At the moment I'm having 100% I/O during the day. My server has SATA HDs, and it can't be changed now.
So, to solve the problem (or at least try) I was thinking about double the RAM, and by doing that, increasing the cache.
The server has 128GB today:
shared_buffers = 51605MB (I'll change it to 32GB) effective_cache_size = 96760MB
Question:
I know that might not be the best option, but by increasing the RAM and the CACHE would help, right?
We're gonna need better stats. iostat, iotop, vmstat etc will all break down your io between reads and writes, random vs sequential etc.
If you're at 100% IO Util, and iostat says you're writing is taking up 20 or 30% of the time, then no, adding cache probably won't help.
Start looking into adding SSDs. They are literally 20 to 1000 times faster at a lot of io stuff than spinning drives. And they're relatively cheap for what they do.
Note that a software RAID-5 array of SSDs can stomp a hardware controller running RAID-10 with spinning disks easily, and RAID-5 is pretty much as slow as RAID gets.
Here's a few minutes of "iostat -xd 10 /dev/sdb" on one of my big servers at work. These machines have a RAID-5 of 10x750GB SSDs under LSI MegaRAIDs with caching turned off. (much faster that way). The array created thus is 6.5TB and it's 83% full. Note that archiving and pg_xlog are on separate volumes as well.

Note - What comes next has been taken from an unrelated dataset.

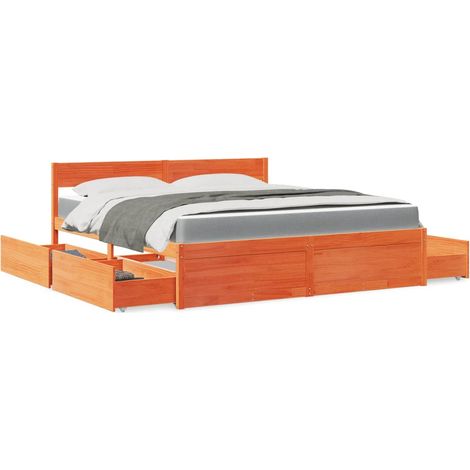 Bett mit Schubladen und Matratze Wachsbraun 180x200 Massivholz vidaXL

So we're seeing 1769 reads/s, 5907 writes/s and we're reading ~20MB/s and writing ~70MB/s. In the past this kind of performance from spinning disks required massive caching and cabinets full of hard drives. When first testing these boxes we got literally a fraction of this performance with 20 spinning disks in RAID-10, and they had 512GB of RAM. Management at first wanted to throw more memory at it, these machines go to 1TB RAM, but we tested with 1TB RAM and the difference was literally a few % points going from 512GB to 1TB RAM.
If your iostat output looks anything like mine, with lots of wkB/s and w/s then adding memory isn't going to do much.